Chris Ortiz offers a needed reminder to seminarians and anyone else who might love to live in the abstract world. We must constantly seek out ways to make theology applicable and show why it is important. Otherwise, Christians who want to make a difference in their communities will sacrifice good Bible teaching for the sake of doing something.
It is a serious mistake to see theology as an academic exercise. The word theology means God’s word; it begins with the presupposition that Scripture is the word of God, and the duty of the theologian is to understand it and to apply it to every area of life and thought.
Theology belongs in the pulpit, the school, the work-place, the family, and everywhere. Society as a whole is weakened when theology is neglected. Without a systematic application of theology, too often people approach the Bible with a smorgasbord mentality, picking and choosing that which pleases them…. For me theology means the total mandate of God through His word. What I have written only scratches the surface; it is an introduction to the subject, and it is written to move men to faith and action.
(R.J. Rushdoony, Systematic Theology, Vol. I, p.xv, xvi)…
Herein lieth the purpose for Christian Reconstruction: applied Calvinism.
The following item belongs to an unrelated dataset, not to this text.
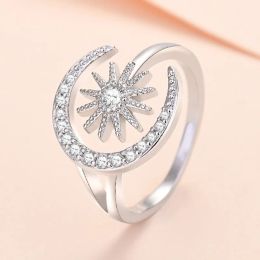 2024 New Sun and Moon Crystal Zircon 14K White Gold Ring for Women Girls Fashion Simple Engagement Rings Elegant Women's Jewellery Birthday Gifts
It’s the recognition that since God is wholly other, and superintends all things through creation and providence, then we are dependent upon His infallible revelation as creatures a part and distinct from His eternal being. And, knowing that the primary intent of His written revelation is to teach us “what we are to believe about Him, and what it is He requires us to do” (WCF Larger Catechism, Q.6), then we must move beyond abstract discussions of His anomalies and move ourselves to Christian action. We have spent much time on the first aspect of the catechism in determining what we believe about Him. Now let us discuss what it is He requires us to do.